I had wanted to visit Paris ever since I was 15 years old. My best friend and I began planning, but by the time it looked like we could actually go, my father became ill. Paris would have to wait.
I got married in 2001, after moving to Scotland. Scotland has the benefit of Ryan Air, something we don't have over here - and never could, the way our taxes are. Ryan Air is the most wonderful airline in the world - for where else could you get a flight from Glasgow to Paris for a penny? A penny! Even after hitting you with a million service charges, you can still get a round trip ticket for 30 pounds sterling. So on our 26th birthday, in 2002, Mr. Right and I boarded a flight to the City of Light.
The bus from the far-flung airport delivered us to Place Dauphin, just a short walk from the Arc de Triomphe. We brunched in the shadow of the Arc, luggage at our feet. I couldn't stop smiling. Navigating the Metro was easy, and soon we were walking up the steps onto Place du Clichy in the 18th Arrondissment. Montmartre. Coming up those stairs from the Metro, the first sight to greet me was the Moulin Rouge. I wept. I really wept. Not since I was a very small child had I ever felt a sense of homecoming, and here I was, 3500 miles from my place of birth, feeling as if this was what I had been searching for all my life. The hustling bustling people in the streets of Montmartre were like neighbors to me. It was comfortable to share a drink and a laugh with the people in the café down the street form the hotel. I had no trouble coaxing friendliness out of waiters and shopkeepers. The lady at the small shoe store on Rue Lepic shared chocolates with me. Good chocolates - great shoes.
But my favorite moments in Paris were spent on the steps of the Sacre Coeur. First thing in the morning, and last thing at night, there was almost no one around. It was calm and quiet - very different from the noise and crowds during the day. One morning I stepped out with a coffee at 5am, and walked up the hill to see the sun rise. Just me, the homelss guy with the bottle of wine, and the man with the street sweepers cart.
Now the sun is setting over the Paris I love. Perhaps the next time I go there, the onion domes of the Sacre Coeur will have a crescent moon atop them. Paris has had revolutions before, and the governments - religious and secular - have capitulated to those who revolt. That what France does - they give in. They're doing it
again:
France is using fast-track trials to punish rioters, worrying some human rights campaigners.
The resort to curfews drew immediate criticism from Chirac's political opponents. Former Socialist Prime Minister Laurent Fabius said the emergency measures must be "controlled very, very closely.''
Communist Party leader Marie-George Buffet said the decree could enflame rioters. "It could be taken anew as a sort of challenge to carry out more violence,'' she said.

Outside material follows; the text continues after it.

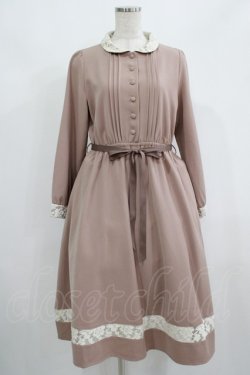 画像1: Fi.n.t / レース使い丸衿ワンピース Free PINK BEIGE H-25-08-29-1018-CA-OP-NS-ZH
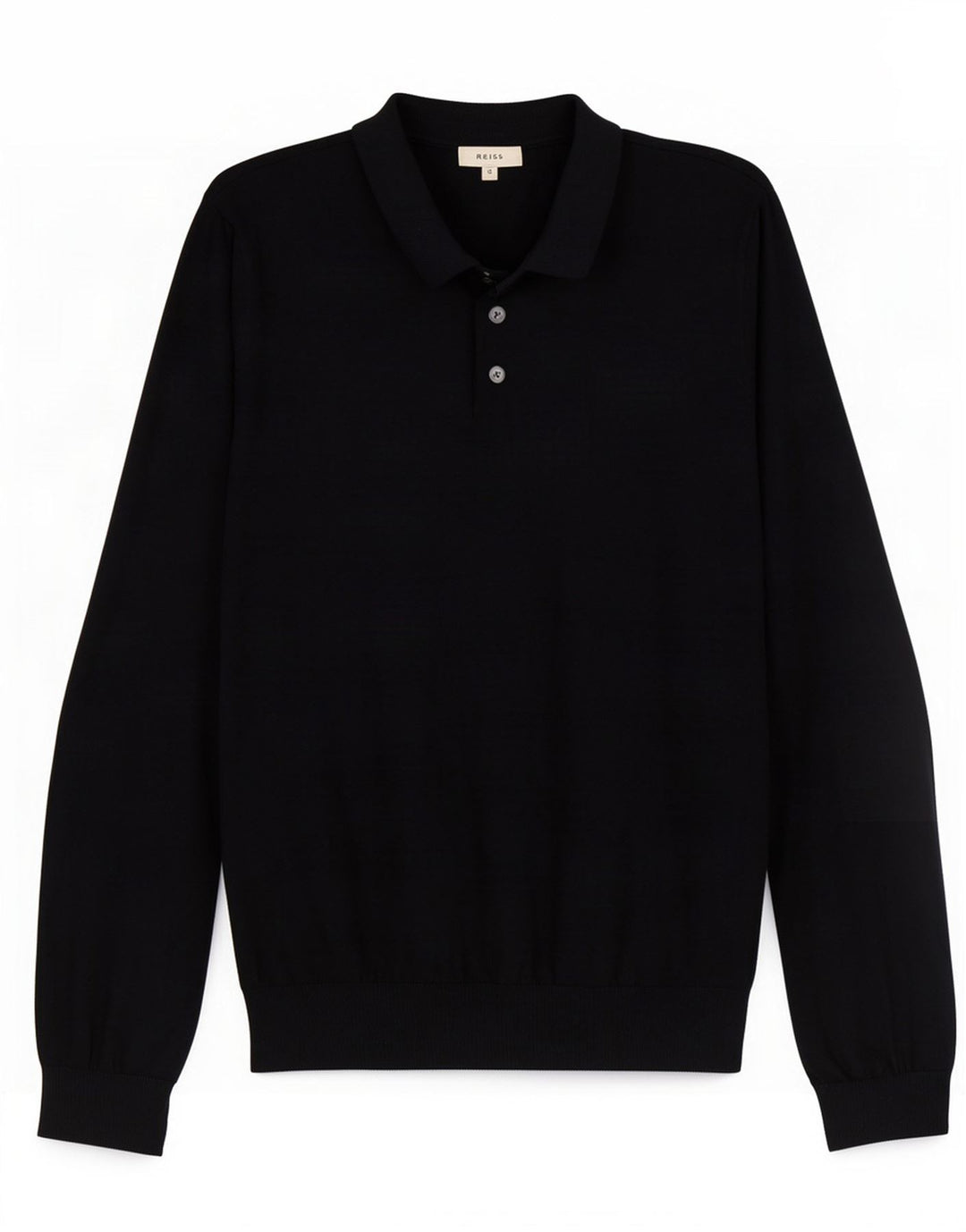 Maglione da uomo Reiss con collo a polo, grande, in lana blu navy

They still have not called in the military, despite the state of emergency. The Jihadis are waging a holy war against France, because it is an easy target, and because there are enough of them to make it very violent and very successful.
I don't know what will become of Paris's treasures once this ugliness calms. I do not know if the churches and museums will remain.
What I do know is that when the Germans invaded France in WWII, Hitler was adamant about leaving Paris intact. He was a student of art, and was unwilling to see Europe's jewel destroyed. I doubt the Jihadis have the same view of art and culture. And I, for one, am saddened by the thought that one of the most evil men ever to walk the face of this earth had more class than our current enemies.
Update: The American Princess has a
great post:
Alienation breeds contempt. Contempt is fueled by disenfranchisment. That disenfranchisment is nurtured by Jihadists. What is happening in the streets of Paris is not riots. Riots are not well-organized. Riots are short. Riots do not harm people intentionally, only by accident when connected to the destruction of property. Riots end.
What is happening on the streets of Paris is war. Holy War. The French econimic system gave it an excuse, and the French are about to pay dearly.
We are so caught up in the little metaphors that color our fight with Islamic fundamentalism. We coin it "war on terror," obtuse and general, we claim it is only an assault on "terrorists" or on "those who harbor them." We, as Americans want the battles to be few, quick, and far between. We think of the "war on terror" as so amorphous that we cannot readily define what we are fighting against. Our enemy is totalitarianism, Saddam, WMDs, the PLO, drugs, the Taliban, Chechyns, the nuclear arms dealers, the UN, my living room couch, who knows? We are so blase about the "war" that we deign to compare people on our own soil to the idiotic Mullahs of the East, casually calling James Dobson a member of the American Taliban. We have no idea how serious this problem is, do we?